Some processor architectures have a group of rotating registers that allow a loop to be unrolled transparently. Successive writes or reads to the same address in the rotating register group result in accesses to successive registers in the register group. When the last register is reached, the succession starts again from the first register. A loop can then be written in a traditional way with a single access operation that uses an address assigned to the rotating register group as its destination. U.S. Pat. No. 7,594,102 refers to such a group of registers. The document by Hewlett-Packard “HPL-PD Architecture Specification”, available at the link https://www.hpl.hp.com/techreports/93/HPL-93-80R1.pdf, describes a processor architecture including a group of rotating registers.
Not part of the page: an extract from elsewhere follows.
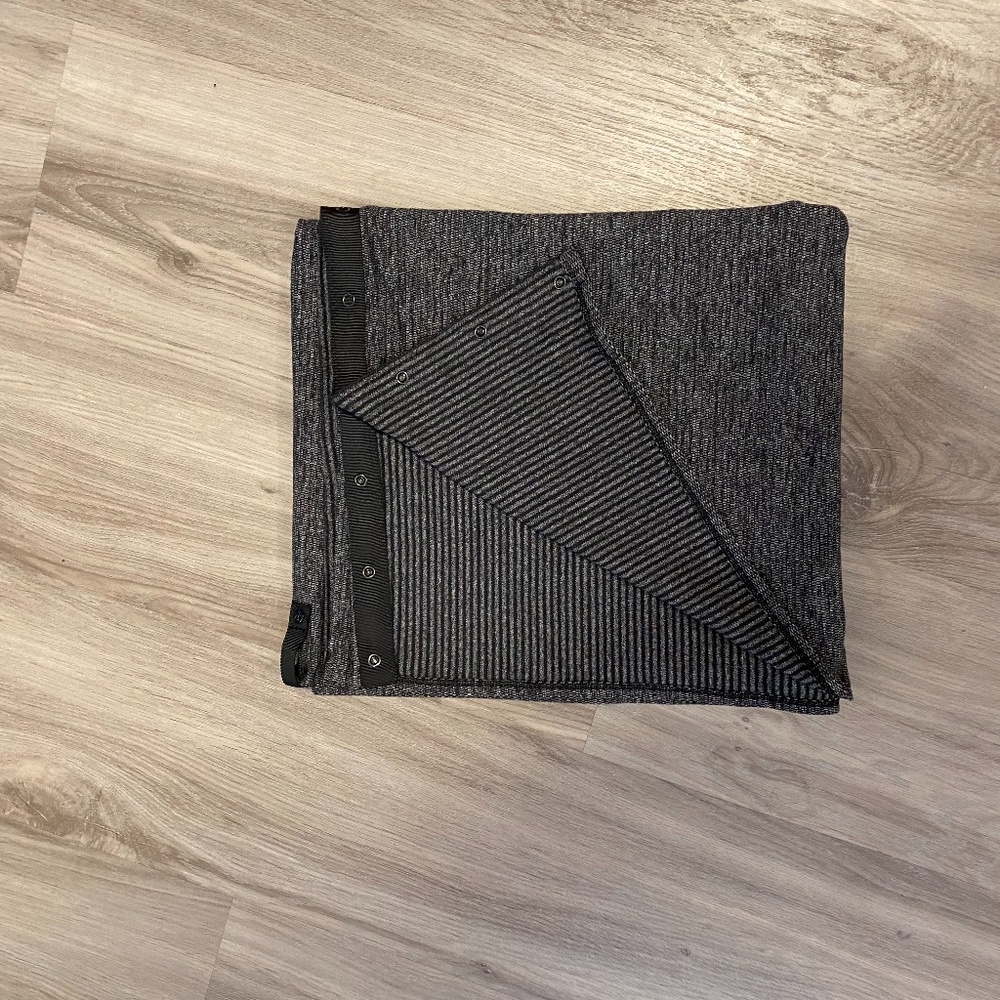 Lululemon Vinyasa Scarf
To overcome the second difficulty, related to the fact that the data to be processed are generally not aligned in memory, it has been proposed, for example in patent U.S. Pat. No. 7,197,625B1, to load the values of two successive memory reads into specialized registers, from which an instruction extracts the correctly aligned data for the processor.

SUMMARY

A processor core is generally provided, including an N-bit system memory interface; a register file comprising a plurality of general purpose registers of capacity less than N bits; a set of N-bit vector registers ; in its instruction set, a register manipulation instruction executable with the following parameters: a) a value defining in the set of vector registers a buffer area formed by a plurality of consecutive vector registers, and b) a reference to a first general purpose register , the first general purpose register containing an index identifying a vector register within the buffer area; and an execution unit configured to, upon execution of a register manipulation instruction, read or write, in one cycle, N bits in a vector register identified from the value defining the buffer area and the index contained in the first general purpose register .
The register manipulation instruction may be a vector load instruction executable with the following parameters: a) the value defining the buffer area, b) the reference to the first general purpose register containing the index, and c) a reference to a second general purpose register containing a source memory address ; and the execution unit be configured to, upon execution of a vector load instruction, transfer data from the memory at the address contained in the second general purpose register to the vector register identified by the index.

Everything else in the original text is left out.